Rhett A. Butler, mongabay.com
April 5, 2007






Global warming threatens to create a dustbowl in the American Southwest according to a new study published in the journal Science.

The research, led by Richard Seager of Columbia University's Lamont Doherty Earth Observatory, uses projections from 19 climate models to show that the Southwestern United States and parts of northern Mexico will dry significantly this century and could become as arid as the North American dust bowl of the 1930s.



Photo by Rhett A. Butler.
The researchers warn that the transition to drier climate may already be underway with the recent prolonged drought in the region. Unlike previous El Nino-related drought in the region, the new aridity appears to be "caused by a poleward expansion of the subtropical dry zones."

"We show that there is a broad consensus amongst climate models that this region will dry significantly in the 21st century and that the transition to a more arid climate should already be underway," they write. "If these models are correct, the levels of aridity of the recent multiyear drought, or the Dust Bowl and 1950s droughts, will, within the coming years to decades, become the new climatology of the American Southwest."

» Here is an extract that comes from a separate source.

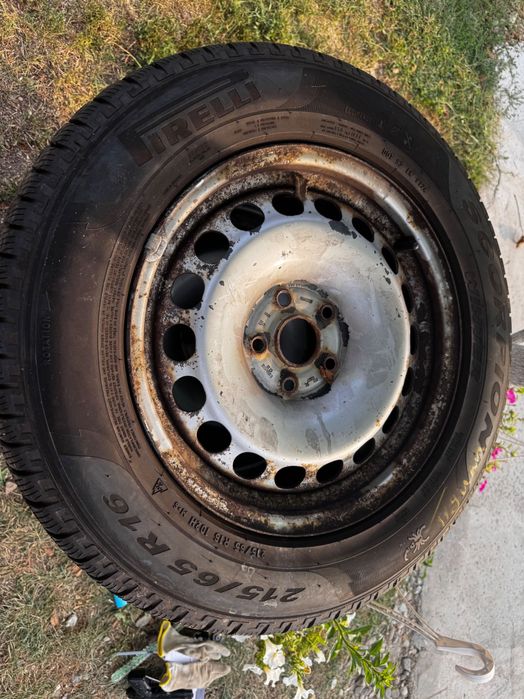 215/65 R16 102H M+S pirelli VW Tiguan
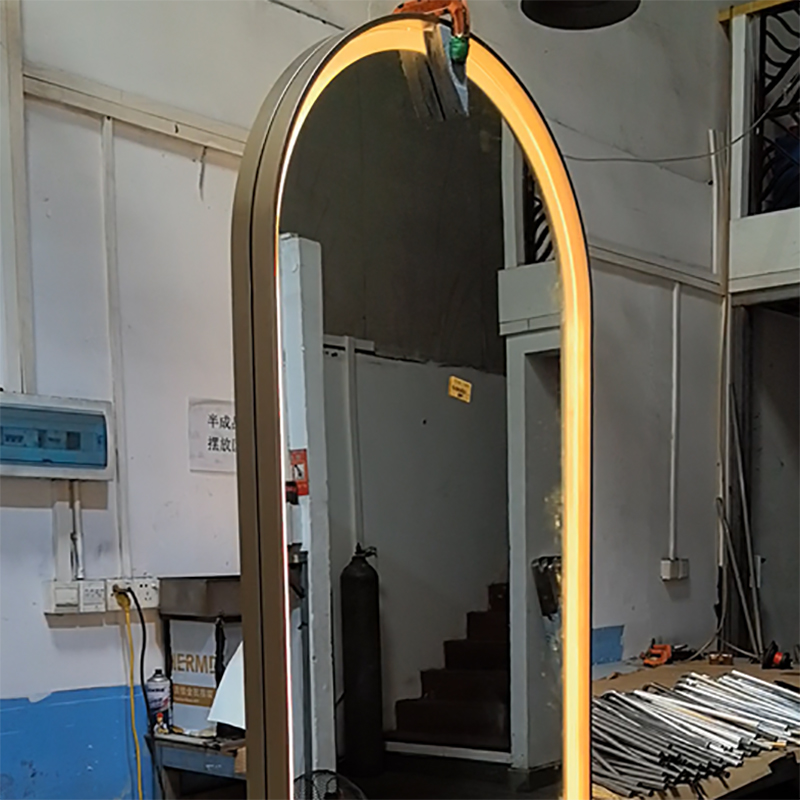 Zotye rostfritt stål integrerad lampa och anpassningsbar elektropläterad rostfritt stål smart spegel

The researchers predict that the drier climate will be "unlike any climate states that exist on record for the area" -- a forecast that does not bode well for one of the fastest growing population centers in the United States.

CITATION: Richard Seager, Mingfang Ting, Isaac Held, Yochanan Kushnir, Jian Lu, Gabriel Vecchi, Huei-Ping Huang, Nili Harnik, Ants Leetmaa, Ngar-Cheung Lau, Cuihua Li, Jennifer Velez, Naomi Naik (2007) "Model Projections of an Imminent Transition to a More Arid Climate in Southwestern North America" www.sciencexpress.org / 5 April 2007 / Page 1 / 10.1126/science.1139601.